Is it possible to watch what is going on in that person\'s
You can use the small tool script for logging the terminal into a file. The observing party can simply tail -f that file to follow.
This is a much simpler approach, but it works very nicely for most cases
If the other person is using the Linux console, you can use conspy.
Well depending on whether its for 'live' or 'ondemand' purposes, you could replay it online with a service like www.playterm.org.

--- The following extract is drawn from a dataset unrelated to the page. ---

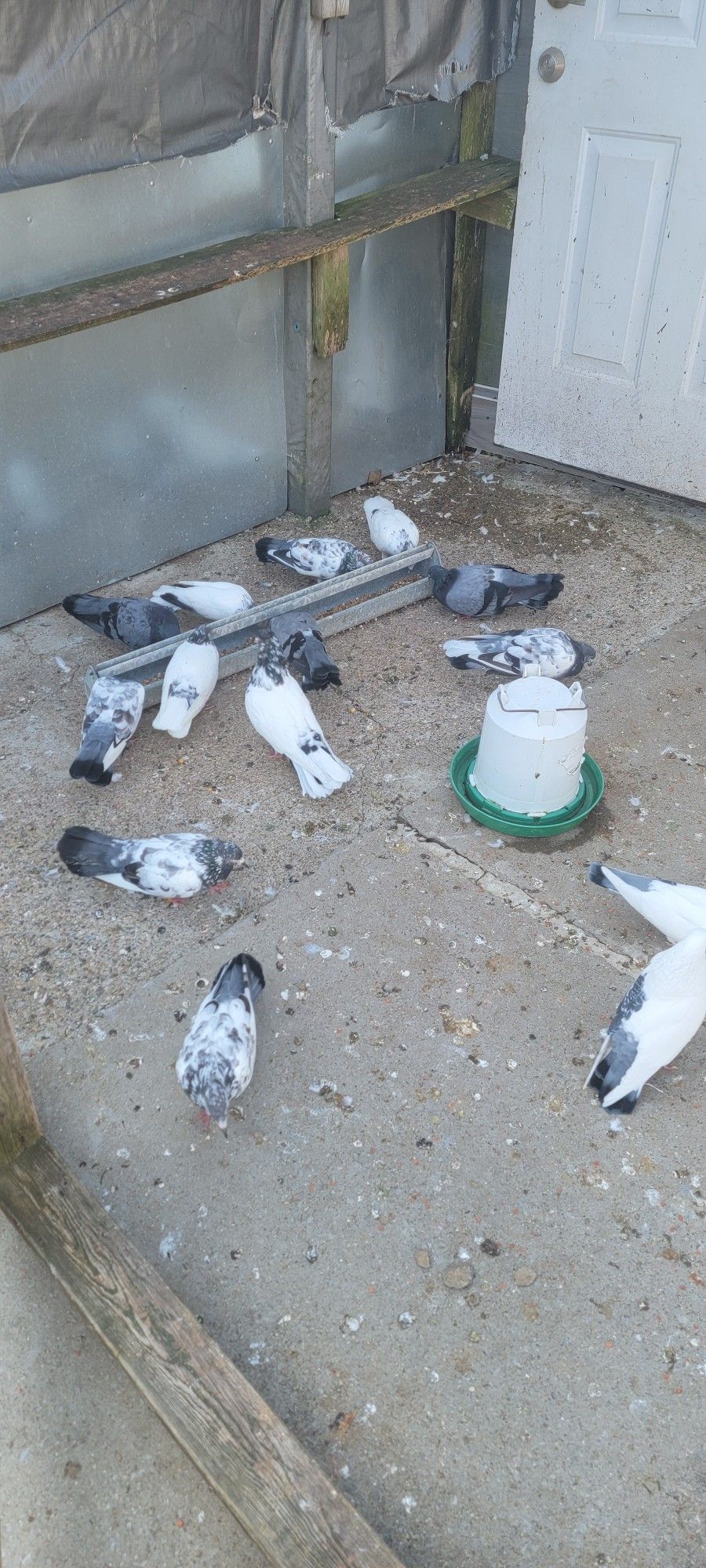 Pigeons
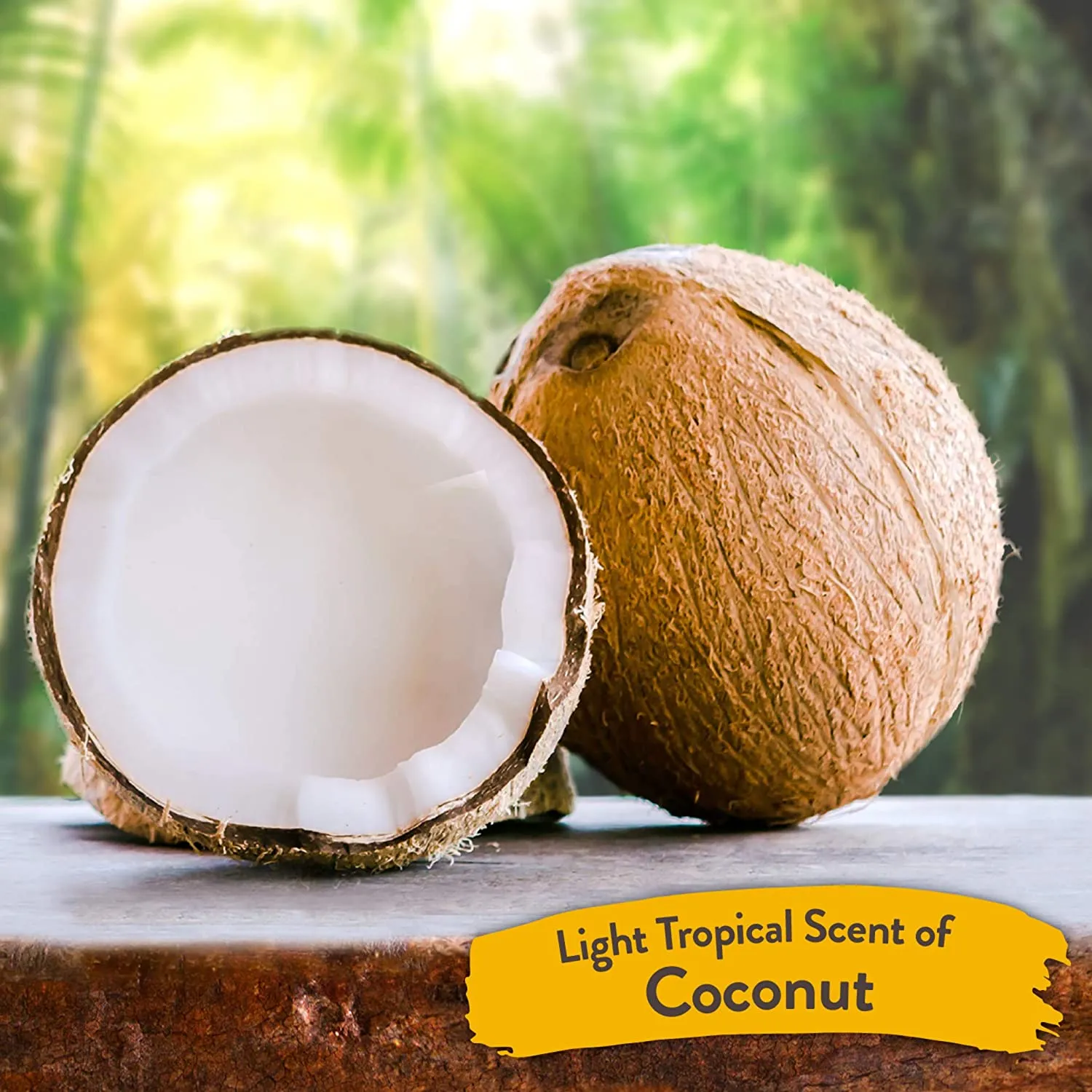 Tropiclean Gentle Shampoo, Coconut, 355 ml…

If you want to share a session on a machine behind a firewall or NAT, you can use the open-source terminal sharing program Termbeamer.
Something nice and easy:
watch -n 1 cat /dev/vcsa1
watch -n 1
refers for the time to refresh.
I also use an approach similar to what Maze said. This is a unidirectional sharing with read-only for the guest. This is how it works:
1) The host starts the script
command writing somewhere where the guest has read access and set the permits as required, for example:
$ script -f /tmp/shared_screen
Script was started....
$ chmod 640 /tmp/shared_screen
$ chgrp shared_group /tmp/shared_screen
The -f
flushes the contents permanently so you'll have a very low delay
2) The guest starts dumping the content of the file:
$ tail -f /tmp/shared_screen
In this case -f
causes tail to wait on more output from the file. Use ctrl-C
to stop displaying the file contents.